Charlotte welcomes Black Enterprise summit back for second year

The four-day conference returns to Charlotte and will bring together more than 1,200 entrepreneurs of color with a special focus on tech-driven innovation.

Councilmember James Mitchell (left) and Black Enterprise President and CEO Earl "Butch" Graves Jr. (right) at BE conference announcement on Feb. 18, 2019. Photo: Qcitymetro

Black Enterprise (BE) is returning to the Queen City for its 24th annual entrepreneurs’ summit, but it’ll have a different name and expanded focus.

The four-day conference — meant to attract entrepreneurs of color — has been rechristened as FWD: Business on Your Own Terms and returns to the Charlotte Convention Center on June 19-22, BE President and CEO Earl “Butch” Graves Jr. announced during a press conference on Monday.

“Charlotte is one of the most thriving business communities that exist. It is Atlanta 2.0, but more developed, in my view,” Graves said. “We need to make sure that African-American entrepreneurs participate in this growth and develop in the same way it happened in Atlanta 20, 25 years ago.”

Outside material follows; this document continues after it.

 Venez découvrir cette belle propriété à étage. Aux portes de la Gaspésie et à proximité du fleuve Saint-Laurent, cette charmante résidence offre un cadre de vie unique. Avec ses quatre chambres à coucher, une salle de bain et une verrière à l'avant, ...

What’s different about FWD?

Huddle in the Hub will be home to the summit’s central activities. The expo-like experience — known as The BizHub — will include more engaged workshops for startups and established businesses, coaching and networking. Another perk, contract matching. Graves says the plan is to have a live auction for contract bids.

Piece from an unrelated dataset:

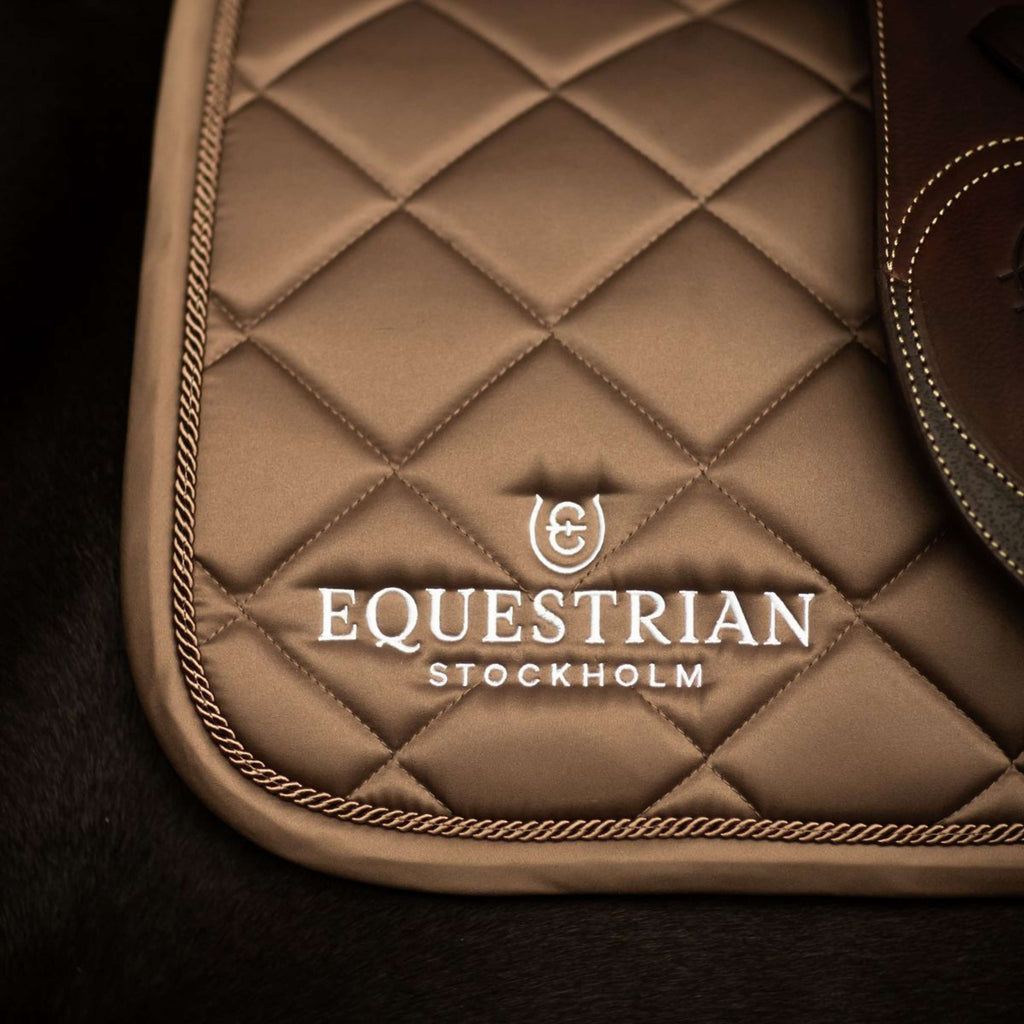 Equestrian Stockholm Sottosella Line saltando Champagne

Outside of the Hub, sessions will provide tips to help businesses fold technology into their operations.

“All businesses have been disrupted by technology. But, if you don’t embrace technology, you’ll be left behind or you’ll be closed down,” he said.

Organizers hope the signature event attracts both millennials and seasoned entrepreneurs.

What remains the same? Black Food Truck Thursday. For last year’s gathering, Black Business Owners of Charlotte tweaked their usual Friday staple to accommodate 22 vendors and 5,000 people looking to support black-owned restaurants and catering companies.

Black Food Truck Thursday at the 2018 Black Enterprise Entrepreneurs Summit attracted 5,000 people. Photo courtesy of Cathay Dawkins

Moving Charlotte forward for black entrepreneurs

City and county leaders shared in the excitement about the economic opportunities up for grab and spotlighted how the summit provides a way to show appreciation for black businesses.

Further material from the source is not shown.